L’édito – Quand les opinons étouffent les convictions

L’édito – Quand les opinons étouffent les convictions

 

Le langage courant dit beaucoup d’une société et d’une personne en particulier. Dans notre monde actuel, le sens des mots s’est considérablement appauvri, favorisant l’à-peu-près, l’amalgame et le relativisme. Qu’est-ce qu’un à-peu-près sinon une vague notion ou une position suffisamment floue pour ne pas être arrêtée ? Qu’est-ce que le relativisme sinon une notion dont la netteté est fluctuante et dont les contours peuvent facilement s’effacer au profit d’une autre notion plus ou moins floue ? Qu’est-ce qu’un amalgame sinon prendre un bout d’une notion A et un bout d’une notion B pour conclure que A et B sont C, sans tenir compte des autres bouts de A et de B ? C’est ainsi que se forgent des opinions dont le langage courant s’est peu à peu habitué à entendre le côté relativiste, puisque chacun peut se forger son opinion. L’expression « forger son opinion » est elle-même le fruit de ces à-peu-près puisque forger suppose un assemblage solidaire et rigoureux de parties elles-mêmes solides. Tout le contraire de ce qu’on estime aujourd’hui être une opinion, devenue par nature personnelle, un peu comme on s’excusera de penser par soi-même. A l’inverse, avoir des convictions suppose des certitudes, des notions claires et une vision lucide des choses et de leurs contours, afin justement de ne pas amalgamer ce qui ne peut l’être et de forger ce qui doit l’être.

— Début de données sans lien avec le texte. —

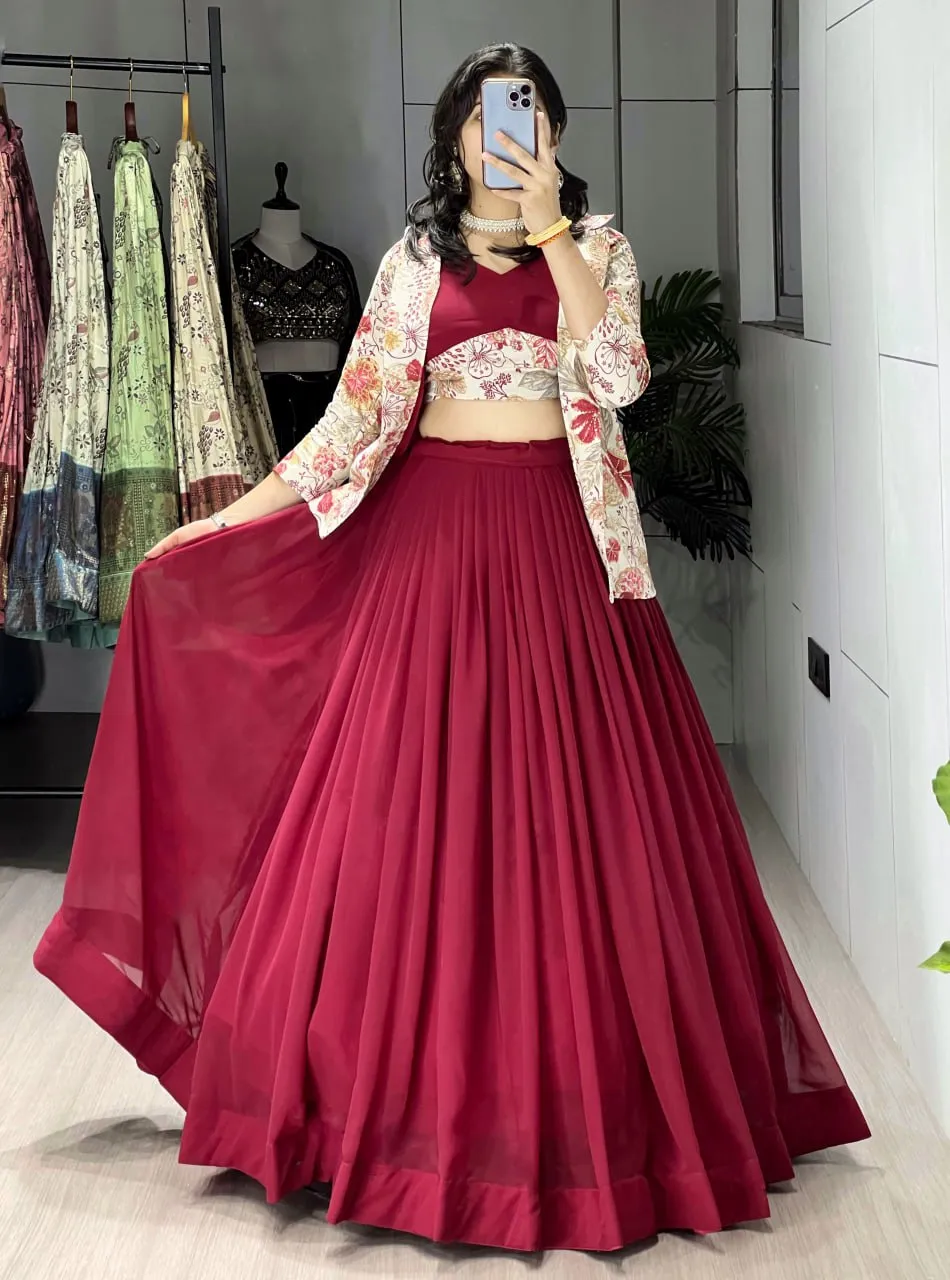 WMT 8218 Gorgette Lehenga Choli Festival Wear Collection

Ainsi, dans le débat politique, nous voyons des hommes et des femmes avec leurs opinions qu’ils ne veulent pas imposer à la majorité. Dès lors, nous pouvons, à titre personnel, avoir une position, mais comme élu en voter une autre. Tel est le grand enjeu de notre monde et la ligne de fracture entre l’homme de conviction et l’homme d’opinion. Telle est le roc qui forge les catholiques convaincus autour desquels s’émoussent diverses opinions sans cesse en mouvement. L’enjeu culturel et politique qui est le nôtre n’est rien moins que de démontrer la voie sans issue des opinions et leurs manques de fondements et dans le même temps de transformer les opinions fragiles en convictions. Notre monde perd le sens du bien, parce qu’il a perdu l’enracinement des convictions. Si nous sommes appelés à nous battre pour nos convictions, n’oublions pas que nous luttons contre des opinions, c’est-à-dire contre une majorité qui trouve sa force dans le seul fait d’être un ventre mou toujours plus gros. Aussi, se battre sur le terrain du rapport de force, par nature non chrétien, est voué à l’échec car par-là, nous ne nourrissons pas de convictions nos adversaires. Au contraire nous les gavons de relativisme. Ne cherchons pas à gagner des opinions favorables, mais à crever ce ventre mou pour transformer l’opinion en roc de convictions.